The check based on Legendre's theorem on continued fraction, which was mentioned earlier, is used to skip over convergents that are not sufficiently good approximations.

This may fail as the convergents are reduced fractions, in which case small multiples of the candidate convergent are tried.

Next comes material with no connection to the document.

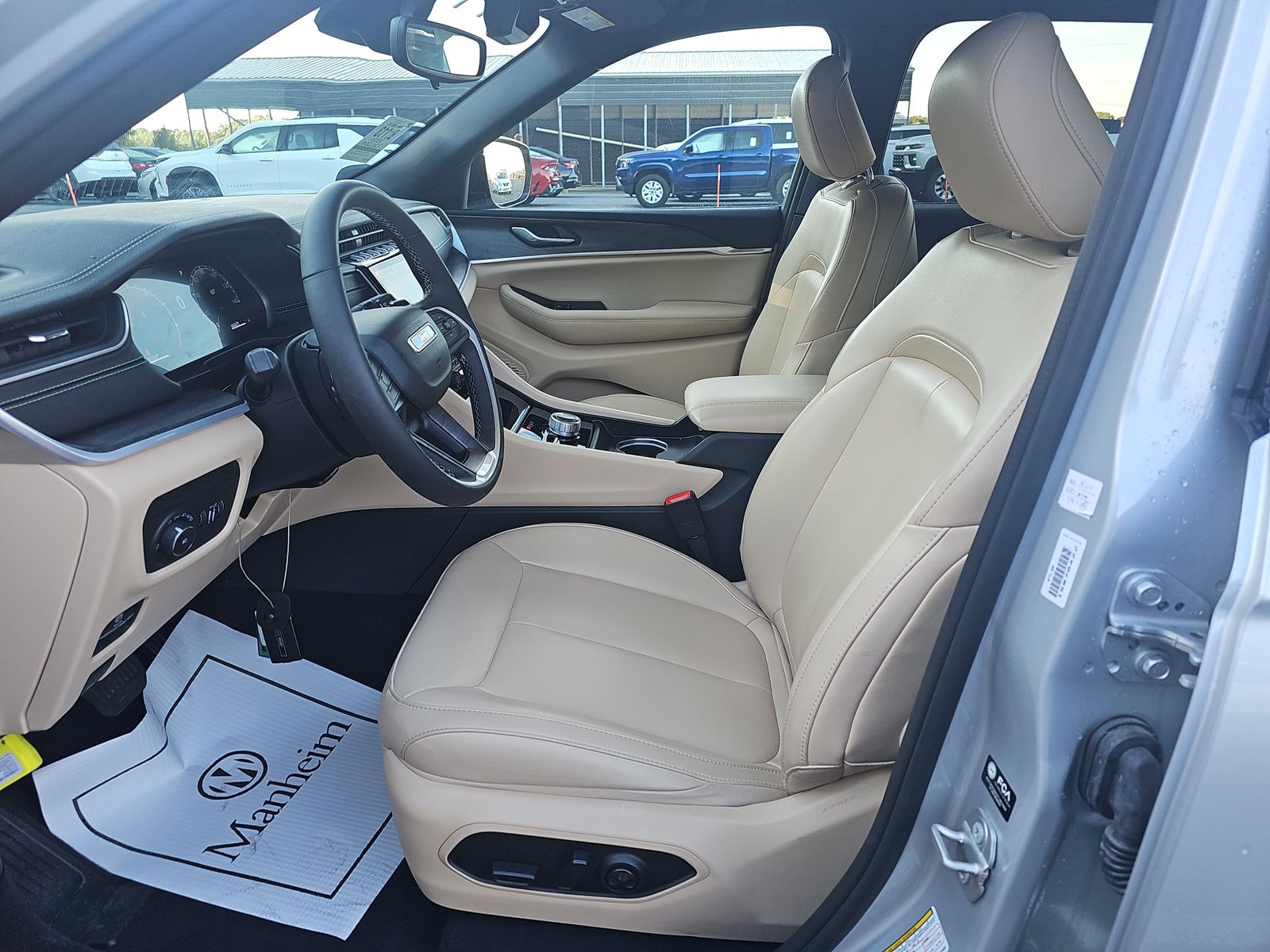 2024 Jeep Grand Cherokee Limited AWD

def order_from_measured_bits(bits, a, N, multiples=8):
    """Compute the multiplicative order from bits returned by QPE.
    :param bits: QPE result as an array of bit values (0 or 1)
    :param a: An initial random value 1<a<N
    :param N: The number to be factored
    :param multiples: Largest multiplier to be tried
    :return: the multiplicative order (or None)
    """

    m = len(bits)
    x = bits_to_int(bits)
    if x == 0:
        return None
    M = 2 ** m

    # Find convergents
    f = Fraction(x, M)
    convergents = build_convergents(f)
    print('Convergents:', [f'{p}/{q}' for p, q in convergents if q < N])

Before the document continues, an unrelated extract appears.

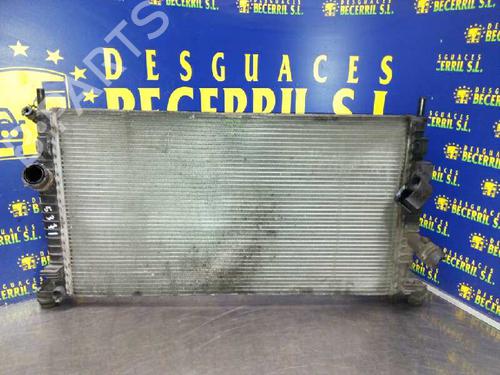 Used Water radiator FORD FOCUS II (DA_, HCP, DP) [2004-2013]  8616754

    for p, q in convergents:
        if q > N:
            return None
        if q == 1:
            continue

        # Check whether convergent is a good enough approximation
        ok = abs(x / M - p / q) <= 1 / (2 * 2 ** m)
        print(f'Legendre test on convergent: {p}/{q} -> {ok}')

        if ok:
            # Try small multiples as convergents are reduced fractions
            for i in range(1, multiples + 1):
                print(f'Check: {a}^({q}*{i}) mod {N} = {pow(a, q * i, N)}')
                if pow(a, q * i, N) == 1:
                    return q * i
    return None

Putting the above functions together, we can define the quantum order-finding routine. This involves generating and running the quantum circuit and then extracting the order from the measured phase.

def order_quantum(a, N):
    """Quantum order-finding function.
    :param a: An initial random value 1<a<N
    :param N: The number to be factored
    :return: The multiplicative order 'r'
    """

    # Run the quantum circuit
    qc, bits = run_quantum_circuit(a, N)
    bits = qc.results().values()  # FIXME: Assumes dict is ordered
    print(f'bits: {format_bits(bits, len(bits))} = {bits_to_int(bits)}')

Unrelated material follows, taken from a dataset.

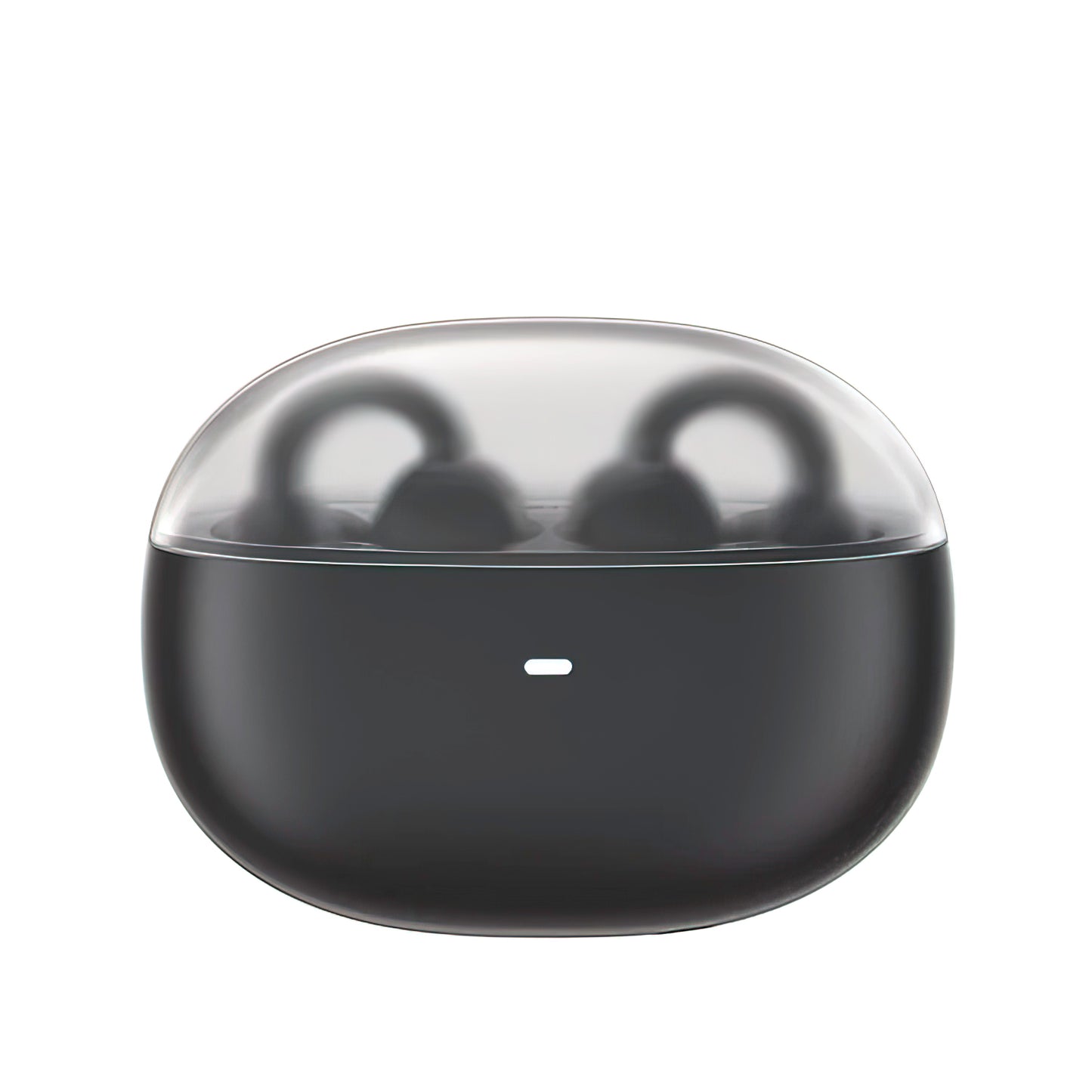 Auricolare Bluetooth Baseus AirGo 1 Ring, TWS, Nero A00069201113-00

    # Convert measurement result to phase
    return order_from_measured_bits(bits, a, N)

Finally, we can put everything together into a top-level factoring function as follows. The output includes the order found by a classical algorithm for comparison.

def shor_factorize(N, n_tries=MAX_TRIES):
    """Factor N using Shor's Algorithm.
    :param N: The number to be factored
    :param n_tries: Maximum number of attempts
    :return: Tuple of factors (or None if not found)  
    """

    # Attempt to find the order r of a^x mod N.
    for trial in range(1, n_tries + 1):
        print(f'\nTrial # {trial}')
        a = random.randint(2, N - 1)
        print(f'Random a={a}')

        g = gcd(a, N)
        if g > 1:
            print('Success: a and N are not coprime')
            return g, N // g  # Trivial factors if a & N are not coprime

        r = order_quantum(a, N)
        print(f'Order r (classical) = {order_classical(a, N)}')  # For comparison
        print(f'Order r (quantum) = {r}')

        if not r:
            print('Retry as convergent not found')
            continue

        if r % 2 != 0:
            print('Retry as r is odd')
            continue

        if (a ** (r // 2)) % N == N - 1:
            print(f'Retry as a**r//2 mod N = N-1')
            continue

        print(f'Success with difference of squares')
        return gcd(a ** (r // 2) + 1, N), gcd(a ** (r // 2) - 1, N)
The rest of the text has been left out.